Task prompt: From the records below, please print only the lines from the one containing "Citroën Berlingo Van" through the one containing "Baby stroller for", both included. Skip the pictures.

Exercise material:
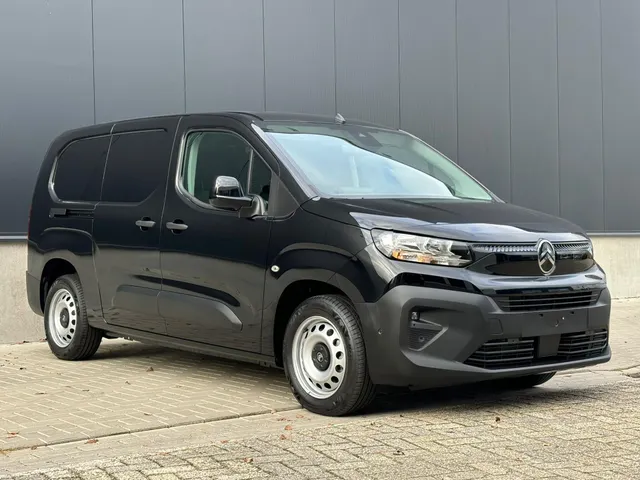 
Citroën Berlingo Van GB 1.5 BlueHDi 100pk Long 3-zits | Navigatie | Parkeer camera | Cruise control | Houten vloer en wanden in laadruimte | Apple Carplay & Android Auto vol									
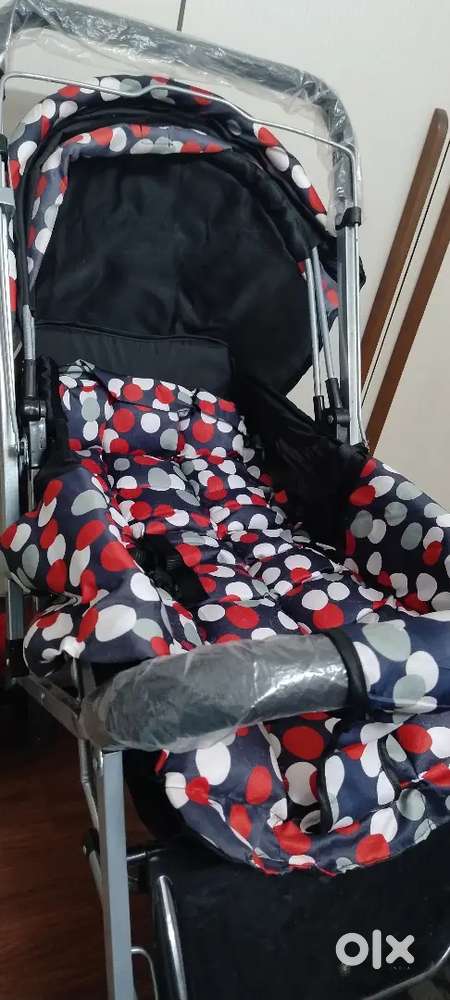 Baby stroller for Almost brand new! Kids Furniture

==

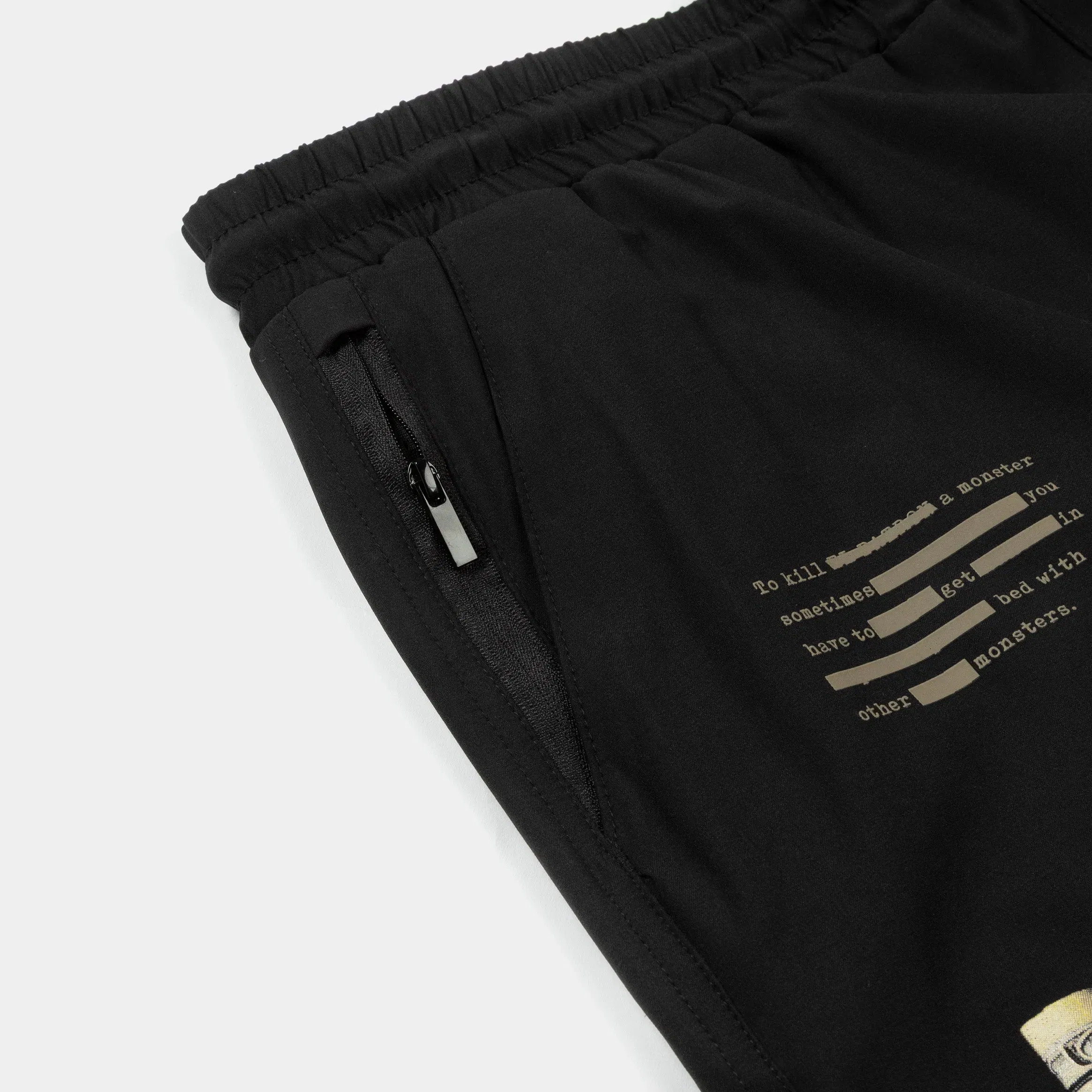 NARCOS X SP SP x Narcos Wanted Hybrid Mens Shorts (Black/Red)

Solution to this exercise:
Citroën Berlingo Van GB 1.5 BlueHDi 100pk Long 3-zits | Navigatie | Parkeer camera | Cruise control | Houten vloer en wanden in laadruimte | Apple Carplay & Android Auto vol									
 Baby stroller for Almost brand new! Kids Furniture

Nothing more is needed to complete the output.